From: Doug Williams (m.douglas.williams at gmail.com)
Date: Tue Oct 28 14:41:08 EDT 2008

I am trying to create a parameter, current-frame, that allows me to access
the 'current frame' in a multiple frame environment.  In this case, the
'current frame' is the one under which the user initiated the action which
has caused a particular function to run.  A very simple example might be as
follows:

#lang scheme/gui

(define current-frame
  (make-parameter #f))

(define my-frame%
  (class frame%
    (super-instantiate ())
    (field (text-field
            (instantiate text-field%
              ("Press test button to update:" this))))
    (instantiate button%
      ("Clear" this)
      (callback
       (lambda (b e)
         (send text-field set-value ""))))
    (instantiate button%
      ("Test" this)
      (callback
       (lambda (b e)
         (update-text-field))))))

(define (update-text-field)
  (send (get-field text-field (current-frame))
        set-value (send (current-frame) get-label)))
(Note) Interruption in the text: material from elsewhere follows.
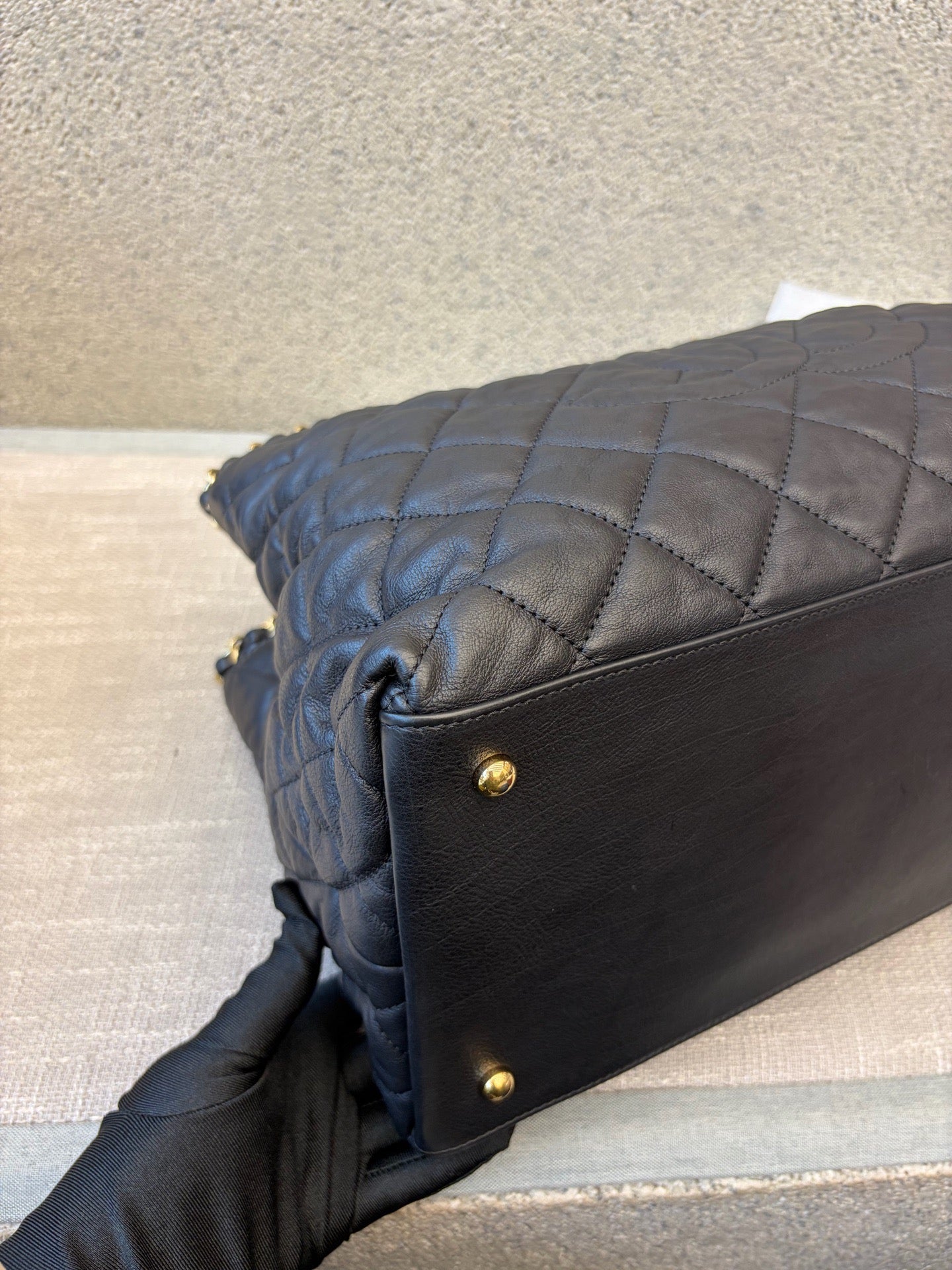 Preloved Chanel Black n Gold Chain Me Tote Bag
The update-text-field function will set the value of the text-field field in
the 'current frame' to the label of the 'current frame'.  When
update-text-field is invoked, I want the value of the current-frame
parameter to be the frame where the user clicked the Test button.  So, the
behavior I want is for the text-field in the frame in which the Test button
is clicked to be updated with the label of that frame. [Yes, in this case it
would be easy to just pass the frame to update-text-field or any of several
other trivial solutions.  But, bear with me.]
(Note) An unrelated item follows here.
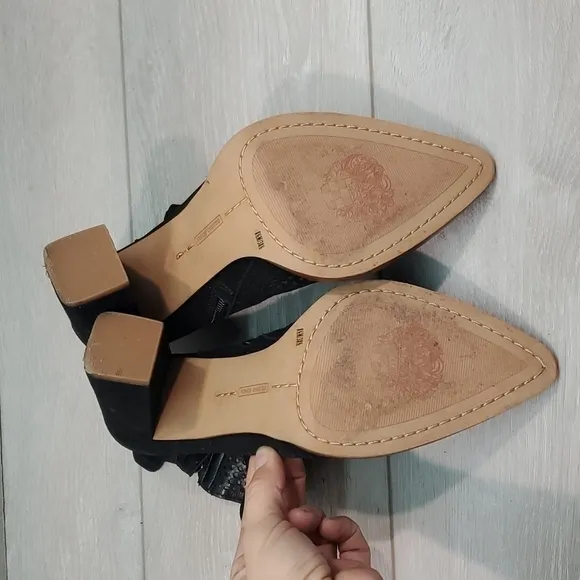Vince Camuto Women Levesna Ankle Heels Shoes sz 8.5M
I have tried various combinations of parameterize and current-frame, with no
success.  For example:

(parameterize ((current-frame (instantiate my-frame%
                                ("Frame 1"))))
  (send (current-frame) show #t)
  (update-text-field))

(parameterize ((current-eventspace (make-eventspace)))
  (parameterize ((current-frame (instantiate my-frame%
                                  ("Frame 2"))))
    (send (current-frame) show #t)
    (update-text-field)))

(parameterize ((current-eventspace (make-eventspace)))
  (let ((frame-3 (instantiate my-frame%
                   ("Frame 3"))))
    (current-frame frame-3)
    (send (current-frame) show #t)
    (update-text-field)))

(let ((frame-4 (instantiate my-frame%
                 ("Frame 4"))))
  (current-frame frame-4)
  (send (current-frame) show #t)
  (update-text-field))

(let ((frame-5 (instantiate my-frame%
                 ("Frame 5"))))
  (current-frame frame-5)
  (send (current-frame) show #t)
  (update-text-field))

If you evaluate all of these, then Frame 1, Frame 4, and Frame 5 all share a
common eventspace.  Clicking the Test button on any of them will result in
"Frame 5" being written in the text-field in Frame 5.  Clicking the Text
button on either Frame 2 or Frame 3, which should be running in their own
eventspaces, both give an error "get-field: expected an object, got #f".  In
all cases, the hard-coded calls to update-text-field that are lexically
within the scope (and eventspace) that instantiated the frame work as
expected.

I assume the problem is with my mental model of parameters and eventspaces.
I had assumed that each eventspace would have, in addition to its event
queues, etc,  its own execution thread, and copies of any parameters.  Since
it allows me to parameterize or set the current-frame in a new eventspace, I
assume the eventspace 'knows about' my current-frame parameter.  What I
don't understand is why a call to update-text-field by a frame that I think
is running under 'new' eventspace doesn't get a value for the current-frame
parameter.  So, I understand the behavior of Frames 1, 4, and 5 - or at
least they fit my (probably flawed) mental model.  But, I don't understand
the behavior of Frames 2 and 3, which seems like they would work if my
mental model were correct.

I tried to use get-top-level-focus-window, but it doesn't work in my case.
This is an analysis application where some functions are very long running
and the focus window at the time something is running isn't necessarily what
I was thinking of as the 'current frame'.

As an aside, I am basically trying to the replicate the functionality of the
*application-frame* (dynamically-scoped) global variable in CLIM.